§ **Aim of the task**
Transcribe word for word each line from the one containing "2000 APRILIA RSV" to the final line of the data, both included. Skip the pictures.

§ **Given entries**
--- START ---
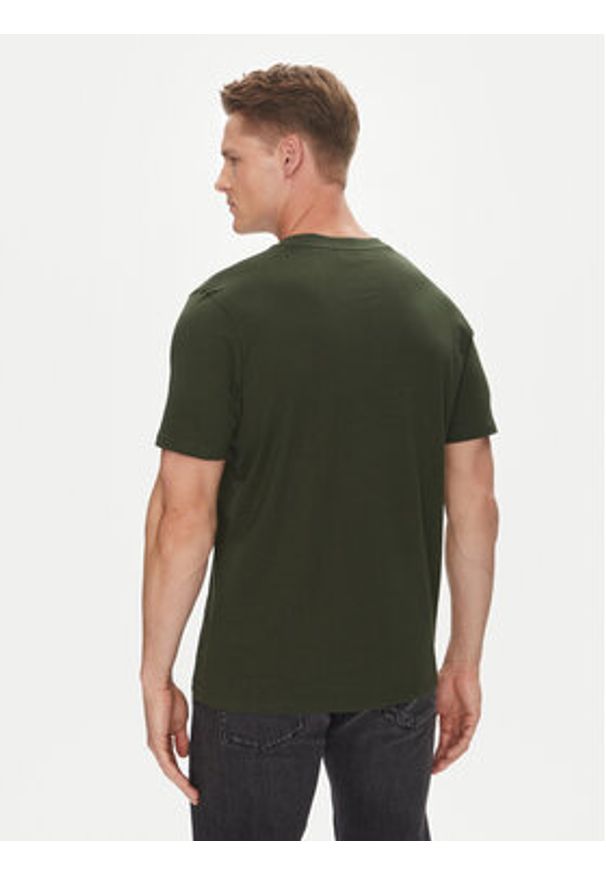 Hugo - HUGO T-Shirt Dulivio 50467556 Zielony Regular Fit. Kolor: zielony. Materiał: bawełna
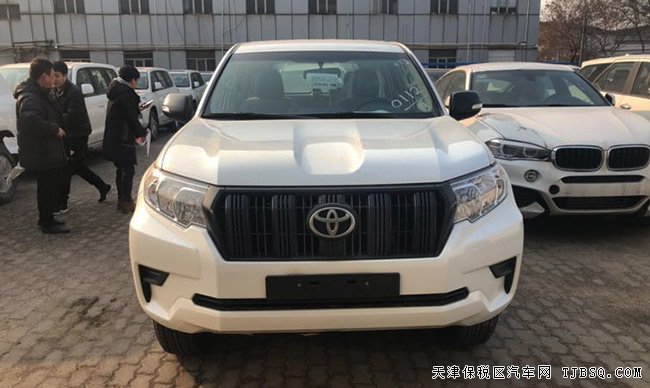 19款豐田霸道2700中東版 7座/17輪/底掛備胎現(xiàn)車(chē)41.1萬(wàn)
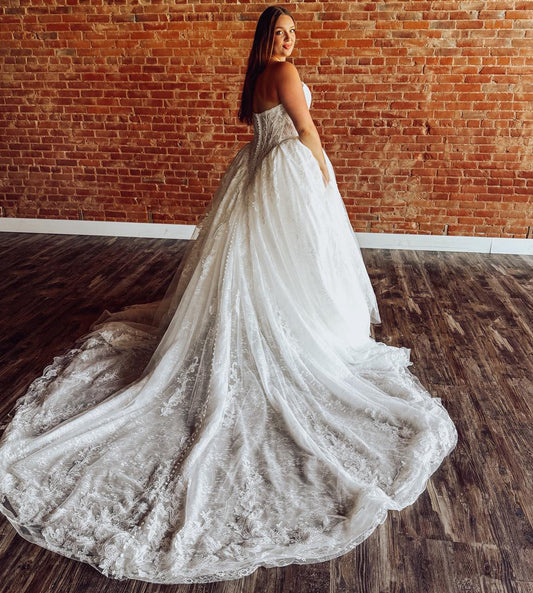 Sweetheart Tulle Lace A Line Boho Wedding Dresses Plus Size Bride Wedding Gown HE1571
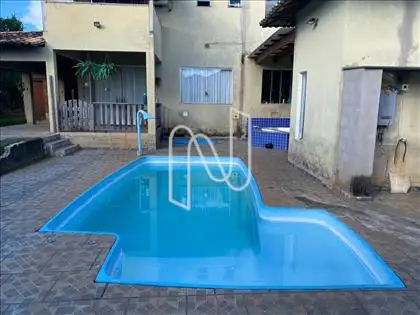 PISCINA 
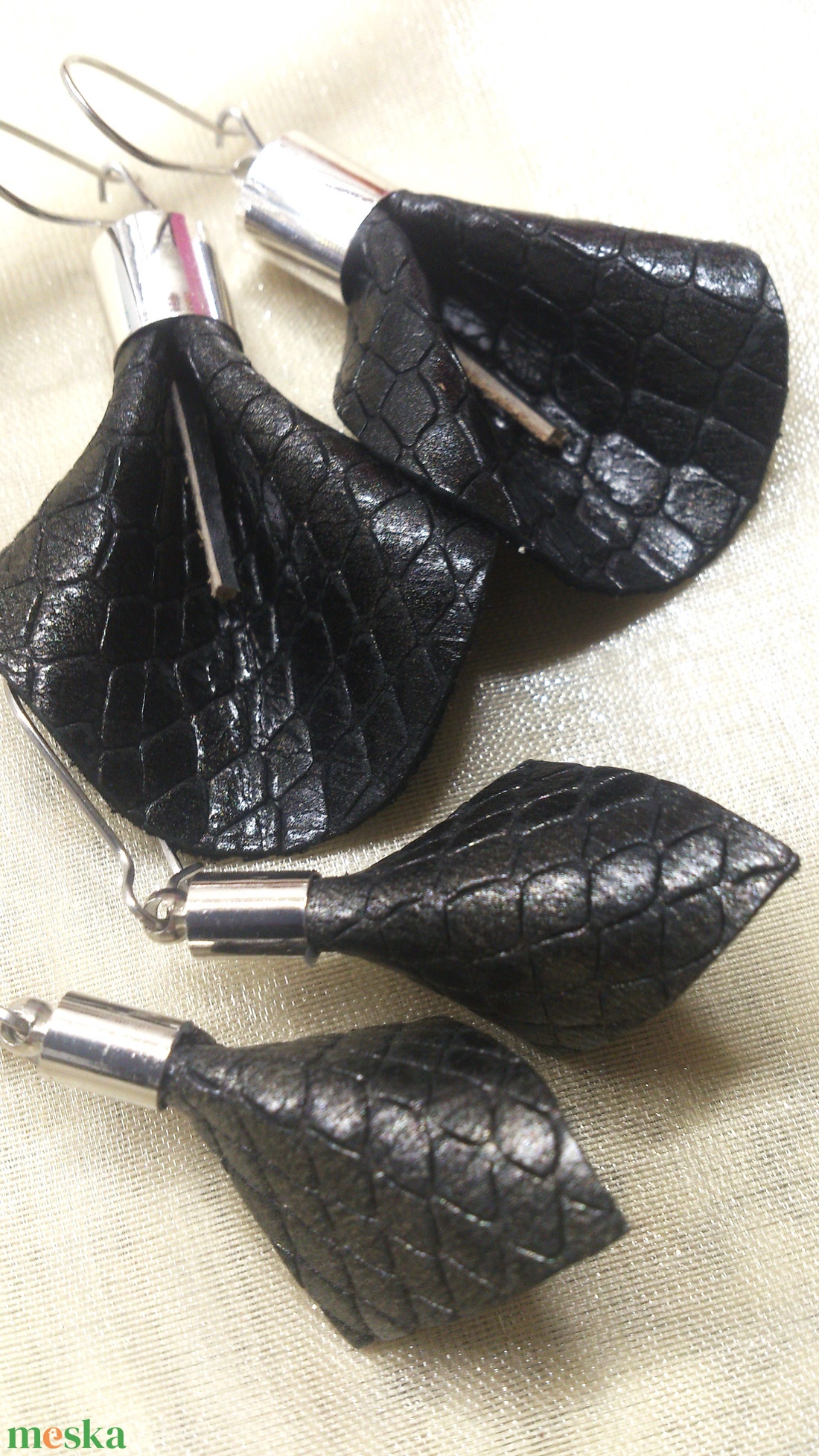 Fekete mintás bőr fülbevaló szett 2 db - ajándék - Anyák napja- születésnap - ékszer - fülbevaló - lógó csepp fülbevaló - Meska.hu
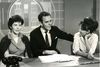 Programchef Hans Jørgen Jensen, journalist Alice Vestergaard og producer Hanne Hass (th.). Billedet er fra 1960’erne.
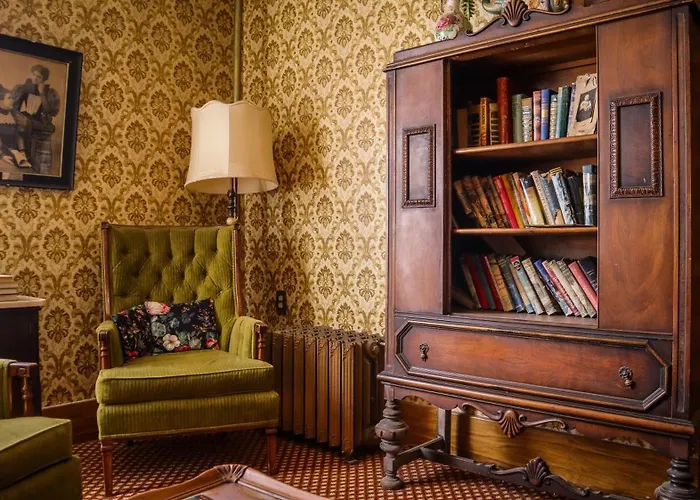 Virginian Hotel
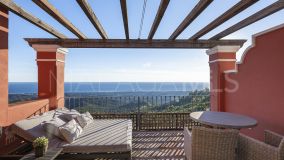 Penthouse for sale in La Mairena, Marbella East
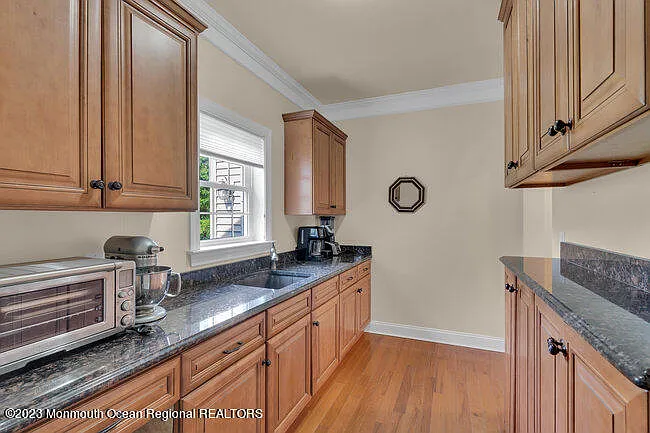 42 Pitney Ave — Photo 14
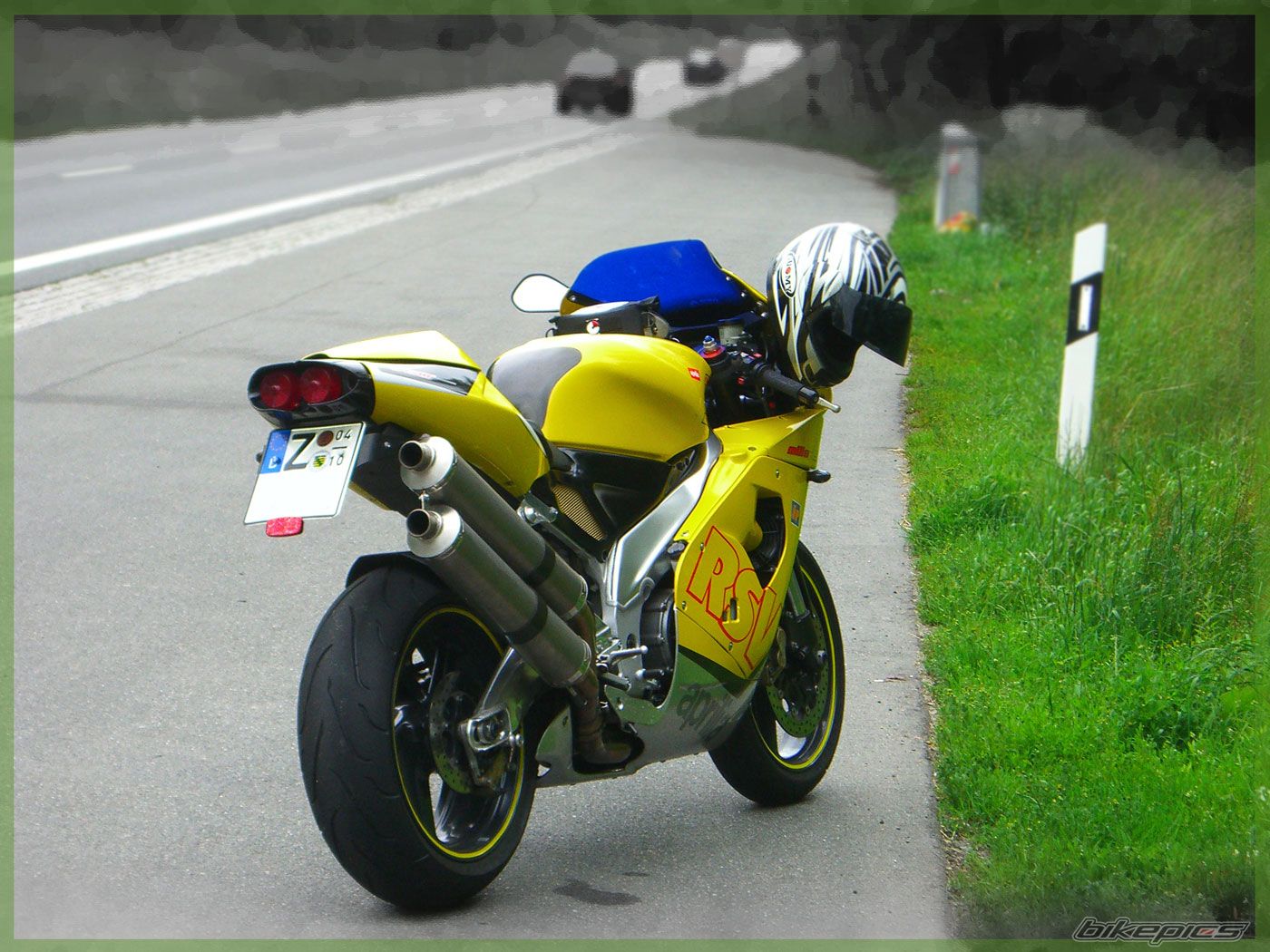 2000 APRILIA RSV 1000 MILLE | Picture 1704768 motorcycle photo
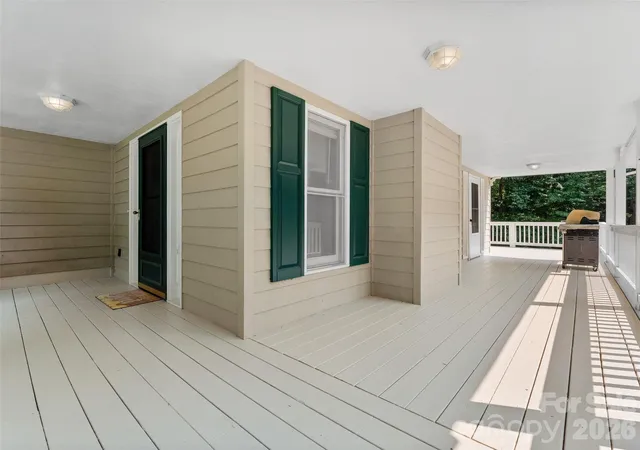 5th image of 218 Junaluska Oaks Dr, Waynesville, NC 28786 | MLS# 4409822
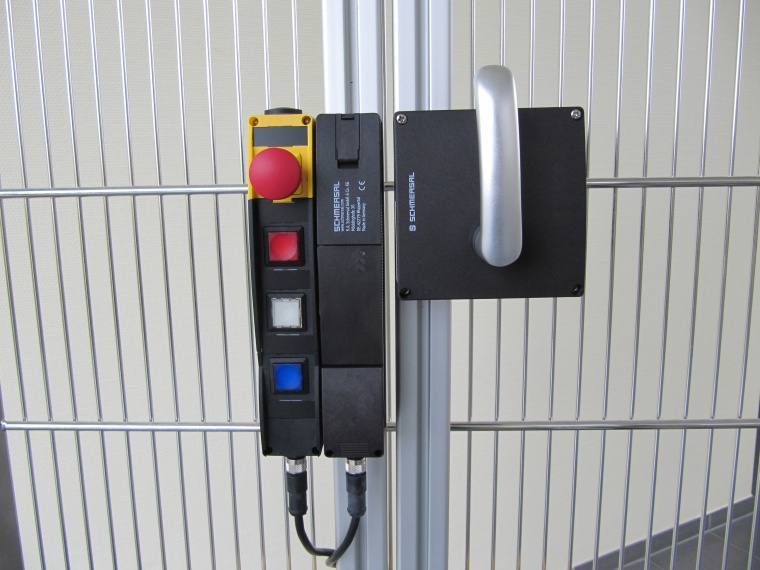 Die elektronische Sicherheitszuhaltung AZM201 mit Bedienfeld BDF200. Bild:...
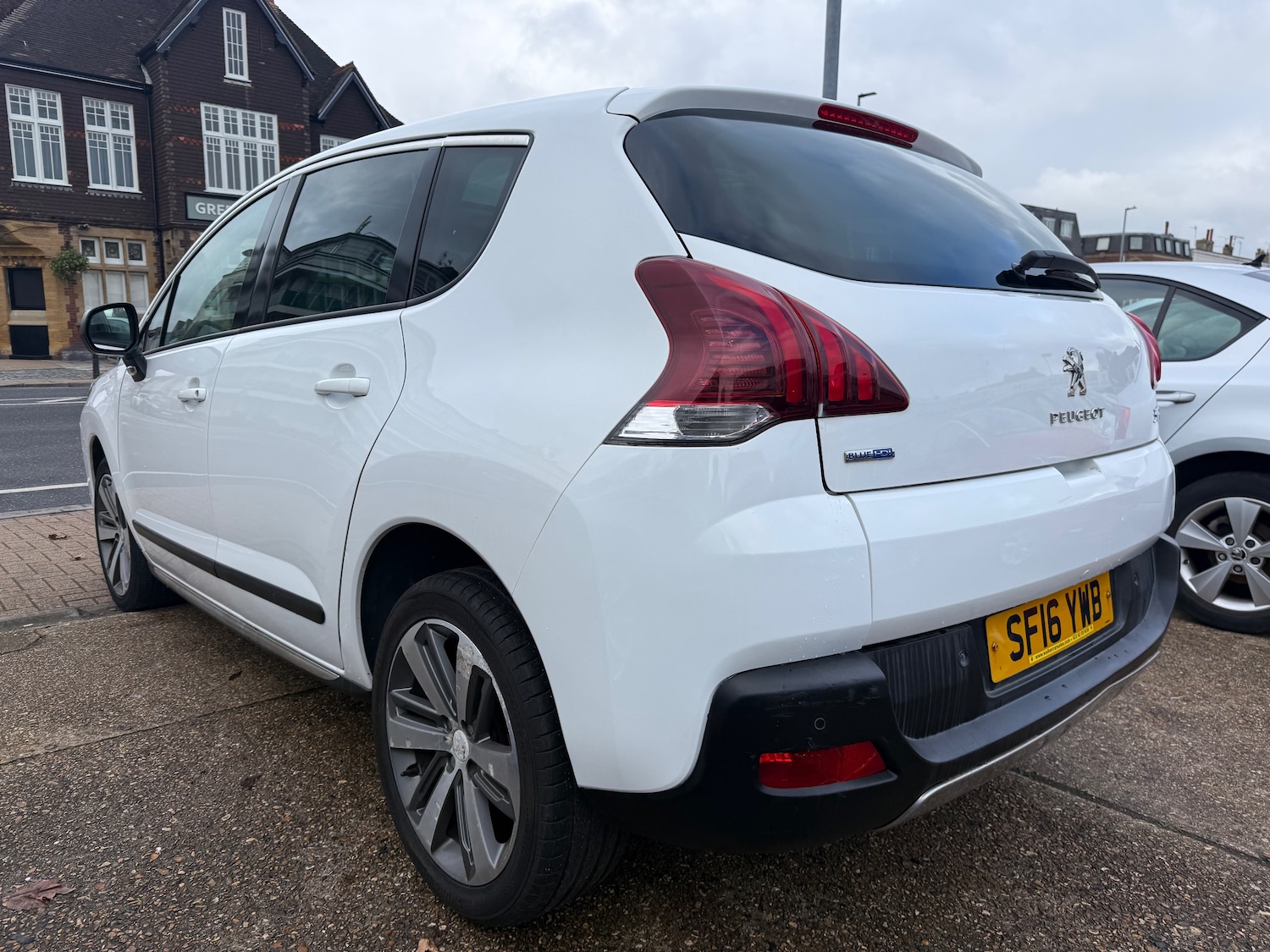 Used Peugeot 3008 2016 for sale - 76273762: Photo 4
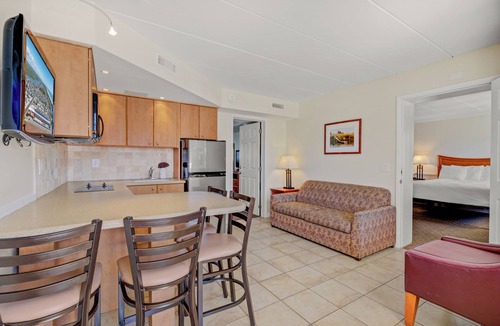 Avalon Hotel | Desert Sand Resort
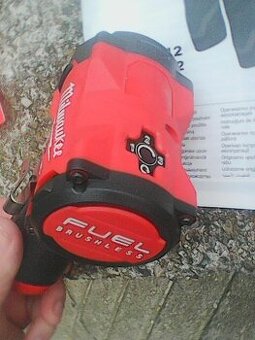 Milwaukee M12 FIWF12-0 AKU razovy utahovak 339Nm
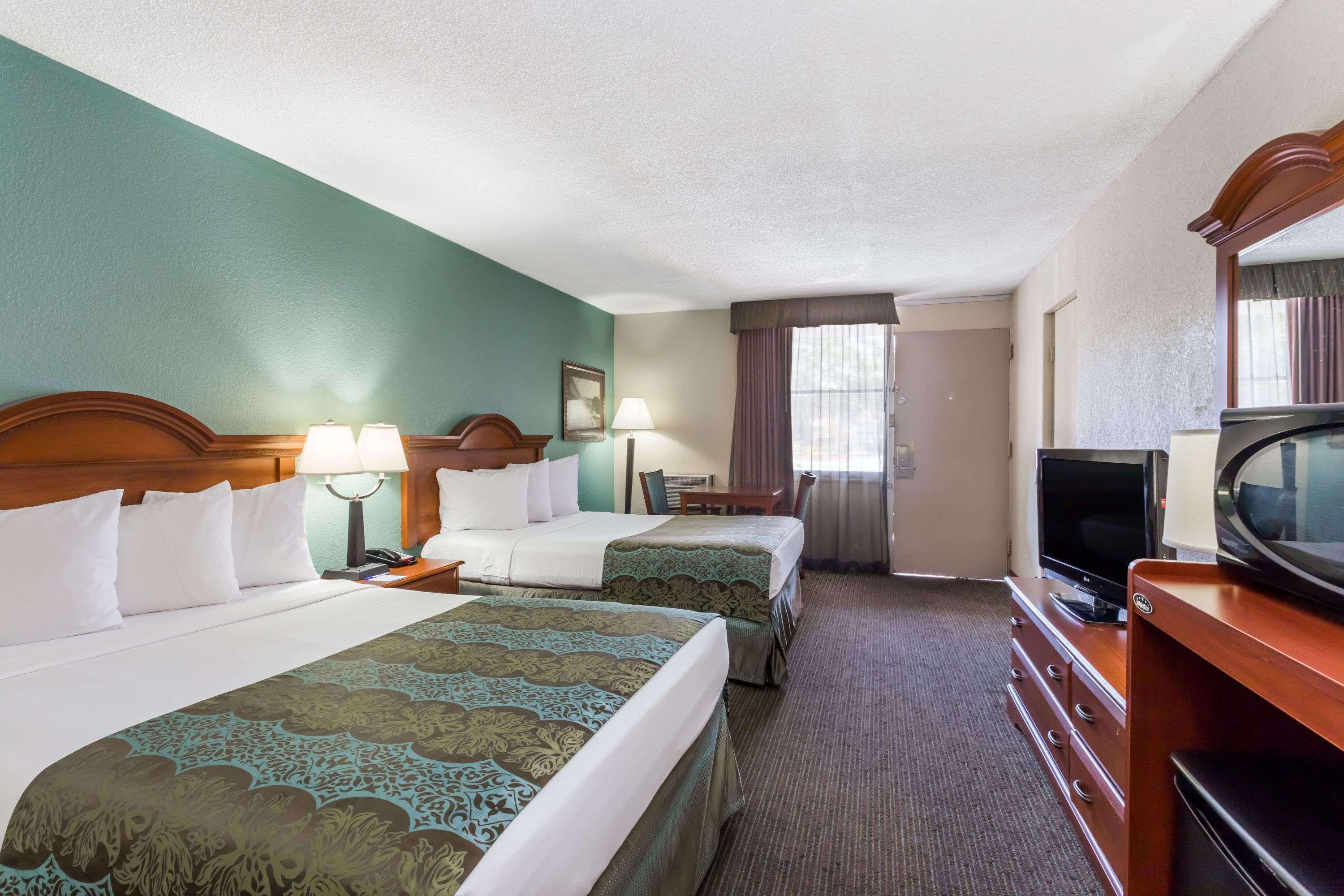 Baymont By Wyndham Sarasota Hotel Exterior photo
--- END ---
§ **Solution for this task**
 2000 APRILIA RSV 1000 MILLE | Picture 1704768 motorcycle photo
 5th image of 218 Junaluska Oaks Dr, Waynesville, NC 28786 | MLS# 4409822
 Die elektronische Sicherheitszuhaltung AZM201 mit Bedienfeld BDF200. Bild:...
 Used Peugeot 3008 2016 for sale - 76273762: Photo 4
 Avalon Hotel | Desert Sand Resort
 Milwaukee M12 FIWF12-0 AKU razovy utahovak 339Nm
 Baymont By Wyndham Sarasota Hotel Exterior photo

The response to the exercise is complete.